@diosmosis opened this Pull Request on April 30th 2020 Member

Fixes #11974

This PR is based off of #15499 .

Changes made:

  • we allow invalidating plugin specific archives, this results in entries being added to archive_invalidations for the plugin archive. they will not be added if we invalidate a normal archive, even if as part of that invalidation some dependent plugin specific archives (like ones created by VisitorInterest/Goals) are invalidated.
  • in core:archive, if we see a plugin specific archive in the invalidations table, we archive it separately w/ the pluginOnly=1 query parameter.
  • in Rules.php if in core:archive and pluginOnly=1 is used, we force creating a plugin specific archive.
  • in Archive.php/Loader.php/etc. we don't just look for one type of archive (ie, plugin vs all), we look through every one and use the latest archive values. so if there is an all archive and a ExamplePlugin archive that is more recent, the archive data in ExamplePlugin will be used for ExamplePlugin data, but other plugin data will come from all.
  • plugins on activation can then invalidate archives for their own plugin to schedule archiving for data in the past, without initiating archiving for every other plugin at the same time.

Notes:

  • browser archiving is not supported. If a user does not use core:archive, the invalidations don't do anything unless the plugin specific archive existed before. I think this is ok since premium plugins need this feature and we don't expect them to be used w/o core:archive, correct?
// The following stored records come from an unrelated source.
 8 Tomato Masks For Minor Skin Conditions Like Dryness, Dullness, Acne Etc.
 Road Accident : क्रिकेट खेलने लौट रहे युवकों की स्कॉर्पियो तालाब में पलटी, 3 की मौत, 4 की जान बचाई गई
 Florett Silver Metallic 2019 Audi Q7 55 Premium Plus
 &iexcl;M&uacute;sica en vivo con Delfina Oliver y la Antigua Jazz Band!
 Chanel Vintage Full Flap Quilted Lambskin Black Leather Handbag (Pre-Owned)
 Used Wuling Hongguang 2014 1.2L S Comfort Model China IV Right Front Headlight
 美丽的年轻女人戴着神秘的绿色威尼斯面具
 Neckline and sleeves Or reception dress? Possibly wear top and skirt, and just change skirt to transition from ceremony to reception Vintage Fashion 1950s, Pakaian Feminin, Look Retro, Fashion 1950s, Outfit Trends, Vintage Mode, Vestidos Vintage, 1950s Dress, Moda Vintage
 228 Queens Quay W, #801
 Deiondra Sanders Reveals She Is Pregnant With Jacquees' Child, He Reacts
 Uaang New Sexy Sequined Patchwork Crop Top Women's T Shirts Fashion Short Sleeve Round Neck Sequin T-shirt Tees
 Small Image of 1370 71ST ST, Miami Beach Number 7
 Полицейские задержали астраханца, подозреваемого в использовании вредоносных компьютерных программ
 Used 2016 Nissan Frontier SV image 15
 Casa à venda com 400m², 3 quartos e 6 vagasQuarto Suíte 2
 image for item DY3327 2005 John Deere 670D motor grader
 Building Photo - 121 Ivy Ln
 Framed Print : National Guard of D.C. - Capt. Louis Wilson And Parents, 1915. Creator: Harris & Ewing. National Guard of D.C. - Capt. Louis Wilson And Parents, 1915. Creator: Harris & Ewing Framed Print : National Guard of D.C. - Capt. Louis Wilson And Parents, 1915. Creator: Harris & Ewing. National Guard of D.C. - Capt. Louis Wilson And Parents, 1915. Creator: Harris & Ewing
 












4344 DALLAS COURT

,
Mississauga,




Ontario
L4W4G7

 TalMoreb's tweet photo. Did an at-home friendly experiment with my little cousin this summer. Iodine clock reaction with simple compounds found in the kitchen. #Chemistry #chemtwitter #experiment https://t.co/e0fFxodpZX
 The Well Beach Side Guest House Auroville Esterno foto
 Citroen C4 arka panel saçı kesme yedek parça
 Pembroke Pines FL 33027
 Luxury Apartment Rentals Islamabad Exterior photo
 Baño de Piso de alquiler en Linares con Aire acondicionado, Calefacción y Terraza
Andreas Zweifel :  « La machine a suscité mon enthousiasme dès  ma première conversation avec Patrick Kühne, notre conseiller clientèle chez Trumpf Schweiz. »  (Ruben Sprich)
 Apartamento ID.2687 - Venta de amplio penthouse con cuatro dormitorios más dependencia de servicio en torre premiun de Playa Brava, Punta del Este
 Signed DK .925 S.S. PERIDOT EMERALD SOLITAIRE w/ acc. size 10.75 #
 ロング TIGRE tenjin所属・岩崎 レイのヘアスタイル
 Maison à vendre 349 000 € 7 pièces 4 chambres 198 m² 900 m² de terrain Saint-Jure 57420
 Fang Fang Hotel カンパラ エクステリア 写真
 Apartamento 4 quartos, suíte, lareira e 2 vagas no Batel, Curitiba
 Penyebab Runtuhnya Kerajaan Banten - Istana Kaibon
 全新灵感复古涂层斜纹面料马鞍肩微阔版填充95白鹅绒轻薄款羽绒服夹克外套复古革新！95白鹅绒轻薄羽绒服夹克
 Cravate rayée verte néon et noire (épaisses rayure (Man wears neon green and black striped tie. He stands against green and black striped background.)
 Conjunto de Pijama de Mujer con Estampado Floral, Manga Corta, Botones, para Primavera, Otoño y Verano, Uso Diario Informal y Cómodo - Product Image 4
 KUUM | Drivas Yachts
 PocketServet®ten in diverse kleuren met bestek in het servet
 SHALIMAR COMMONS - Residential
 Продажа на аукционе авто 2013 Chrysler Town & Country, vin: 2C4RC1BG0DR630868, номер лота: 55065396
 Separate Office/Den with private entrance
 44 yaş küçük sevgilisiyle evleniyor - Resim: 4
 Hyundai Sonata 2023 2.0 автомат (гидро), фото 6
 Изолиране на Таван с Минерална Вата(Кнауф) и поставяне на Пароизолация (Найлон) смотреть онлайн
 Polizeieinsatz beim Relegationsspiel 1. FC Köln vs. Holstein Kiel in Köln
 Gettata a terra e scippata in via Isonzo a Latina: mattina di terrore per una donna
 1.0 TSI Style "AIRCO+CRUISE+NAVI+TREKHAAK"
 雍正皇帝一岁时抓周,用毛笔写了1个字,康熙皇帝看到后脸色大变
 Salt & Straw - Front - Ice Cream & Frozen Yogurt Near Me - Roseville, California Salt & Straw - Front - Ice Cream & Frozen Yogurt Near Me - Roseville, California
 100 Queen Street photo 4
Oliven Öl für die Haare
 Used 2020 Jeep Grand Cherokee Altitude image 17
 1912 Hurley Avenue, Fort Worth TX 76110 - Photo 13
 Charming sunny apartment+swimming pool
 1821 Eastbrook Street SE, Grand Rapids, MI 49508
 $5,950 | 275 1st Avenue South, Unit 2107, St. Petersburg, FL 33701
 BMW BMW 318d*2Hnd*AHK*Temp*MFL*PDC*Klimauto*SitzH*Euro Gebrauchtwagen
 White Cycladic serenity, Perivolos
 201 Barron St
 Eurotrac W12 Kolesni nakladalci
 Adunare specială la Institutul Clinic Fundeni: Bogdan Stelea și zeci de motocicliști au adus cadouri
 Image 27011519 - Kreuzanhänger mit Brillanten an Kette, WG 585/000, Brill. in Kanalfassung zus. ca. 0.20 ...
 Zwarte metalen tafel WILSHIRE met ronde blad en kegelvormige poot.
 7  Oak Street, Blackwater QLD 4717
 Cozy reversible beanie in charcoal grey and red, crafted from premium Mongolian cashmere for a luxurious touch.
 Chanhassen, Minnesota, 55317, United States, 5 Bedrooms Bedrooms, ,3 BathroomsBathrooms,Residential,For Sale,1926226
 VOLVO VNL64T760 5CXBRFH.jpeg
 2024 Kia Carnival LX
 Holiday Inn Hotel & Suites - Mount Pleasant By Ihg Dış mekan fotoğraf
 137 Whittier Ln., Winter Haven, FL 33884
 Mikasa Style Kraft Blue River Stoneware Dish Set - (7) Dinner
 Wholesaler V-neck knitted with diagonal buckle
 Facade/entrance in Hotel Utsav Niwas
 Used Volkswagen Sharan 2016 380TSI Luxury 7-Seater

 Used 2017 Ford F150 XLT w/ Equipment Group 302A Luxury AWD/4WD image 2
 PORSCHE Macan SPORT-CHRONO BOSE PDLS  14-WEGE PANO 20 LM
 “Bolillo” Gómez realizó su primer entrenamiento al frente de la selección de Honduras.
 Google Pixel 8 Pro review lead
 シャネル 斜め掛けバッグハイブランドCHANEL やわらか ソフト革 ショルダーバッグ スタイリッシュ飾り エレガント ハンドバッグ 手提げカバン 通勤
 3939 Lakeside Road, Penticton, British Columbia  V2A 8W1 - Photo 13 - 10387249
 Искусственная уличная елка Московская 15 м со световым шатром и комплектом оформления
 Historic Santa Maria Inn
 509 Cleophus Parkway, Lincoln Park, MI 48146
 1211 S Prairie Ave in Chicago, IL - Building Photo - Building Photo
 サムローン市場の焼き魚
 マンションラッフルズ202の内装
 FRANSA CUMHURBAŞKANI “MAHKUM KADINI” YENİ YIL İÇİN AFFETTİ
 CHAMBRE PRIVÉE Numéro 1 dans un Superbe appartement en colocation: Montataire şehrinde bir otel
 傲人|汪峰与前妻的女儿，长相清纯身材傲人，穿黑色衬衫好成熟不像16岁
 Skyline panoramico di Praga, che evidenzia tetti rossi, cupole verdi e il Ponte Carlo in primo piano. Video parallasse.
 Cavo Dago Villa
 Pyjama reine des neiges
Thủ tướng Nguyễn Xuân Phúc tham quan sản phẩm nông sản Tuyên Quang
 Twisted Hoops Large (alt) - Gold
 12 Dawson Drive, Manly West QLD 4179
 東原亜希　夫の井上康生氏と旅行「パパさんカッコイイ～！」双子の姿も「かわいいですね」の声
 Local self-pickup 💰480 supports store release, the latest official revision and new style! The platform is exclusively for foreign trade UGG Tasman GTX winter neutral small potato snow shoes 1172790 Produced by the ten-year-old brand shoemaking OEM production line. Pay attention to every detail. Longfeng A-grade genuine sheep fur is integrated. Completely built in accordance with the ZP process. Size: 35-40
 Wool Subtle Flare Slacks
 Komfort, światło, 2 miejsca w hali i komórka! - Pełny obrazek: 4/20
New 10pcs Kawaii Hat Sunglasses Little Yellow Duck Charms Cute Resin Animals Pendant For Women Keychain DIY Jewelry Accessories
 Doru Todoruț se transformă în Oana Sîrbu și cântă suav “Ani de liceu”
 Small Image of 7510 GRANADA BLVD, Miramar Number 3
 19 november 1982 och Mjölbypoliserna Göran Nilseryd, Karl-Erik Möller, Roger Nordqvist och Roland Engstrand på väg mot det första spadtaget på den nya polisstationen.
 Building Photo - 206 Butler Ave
Example PR can be found in funnels

@diosmosis commented on April 30th 2020 Member

@tsteur this PR is based off the other one so might be hard to review, but it's ready for an initial one. once that's done and it looks good to be in core, then I'll probably refactor CronArchive to test more of its internals. Don't want to do this now since both PRs are already pretty significant.

@tsteur commented on May 6th 2020 Member

@diosmosis just fyi started reviewing but it's bit difficult as it is based on https://github.com/matomo-org/matomo/pull/15499/files so I reckon we will be trying to get #15499 merged first which will make it easier

@diosmosis commented on May 7th 2020 Member

@tsteur you should be able to review this one now

@tsteur commented on May 8th 2020 Member

@diosmosis had a first look for a while and starting to understand few things. Must have been so hard to develop!

I've had a look at the funnels pull request to see how plugins basically trigger rearchiving of data for that plugin. Do I basically see this right that when eg someone adds or changes a custom report, then custom reports will mark archives as invalid like below?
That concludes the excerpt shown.